Song of Destiny
Presented by: New Zealand Symphony Orchestra
Conducted by: James Judd
Michael Fowler Centre, 25th Nov 2021
Reviewed by: Dawn Brook
This was a weird but wonderful concert. There was a sparse audience, with even married couples sitting two seats apart! Though applause was therefore thin, conductor James Judd encouraged the audience to clap whenever they felt like it, so they did – between movements – in plenty. Why not, after all? No programmes either; instead Judd introduced each work. No interval. The whole thing felt oddly intimate and spontaneous. Congratulations to the NZSO for repeating the concert four times over three days to enable patrons to hear live music again.
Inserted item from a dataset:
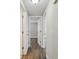 Hallway with wood floors leading to rooms with white doors at 4209 Westwood Dr, Holiday, FL 34691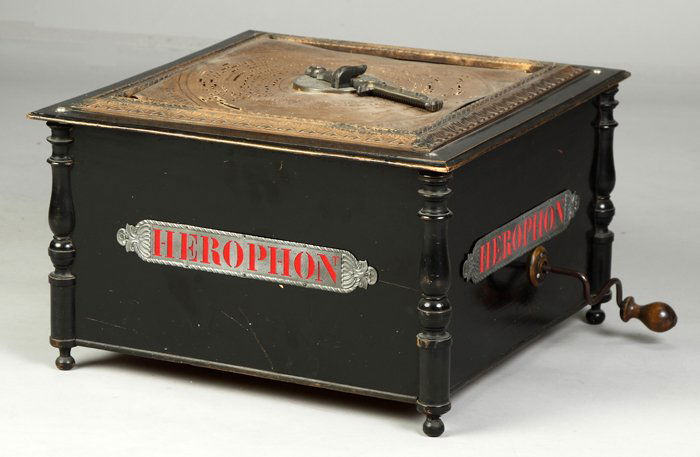 Herophon Disc Roller Organ: Black lacq case in original condition. (3) 13" square paperboard records. Dr. Richard Pope Ht. 12" W 19" D 19"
Brahms’ Schicksalslied (Song of Destiny), a choral setting of a poem by Hölderlin, is not often performed though it is a beautiful, intense, and dramatic piece. The poem’s verses contrast the blissful lives of celestial beings with the turmoil of human life. On this occasion, Voices New Zealand created both the ethereal sounds Brahms evoked for the first verse and the dramatic ferocity of the second with subtle, beautiful, and strong but unstrained singing. Brahms’ decision to have the third movement recreate the first movement for orchestra only restored a sense of tranquillity. This was a fitting choice by the NZSO and a hopeful one for troubled times.
The orchestra’s performance of Schicksalslied was full-hearted and secure. No doubt the dramatic, dynamic, and sparkling overture to Verdi’s opera Nabucco which preceded it warmed them up nicely. Dvořák’s Symphony No. 8 completed the concert. The symphony includes music that is all of sweet, subdued, lilting, joyful, merry, lush, agitated, and strong. It was never tragic. If I could have chosen to be any instrumentalist for this work, I’d have been the flautist whose part, time after time, injected light, drama, and sparkle. But the trombones, trumpets and horns, the oboe, and lower strings all had their special moments. A very uplifting performance all round.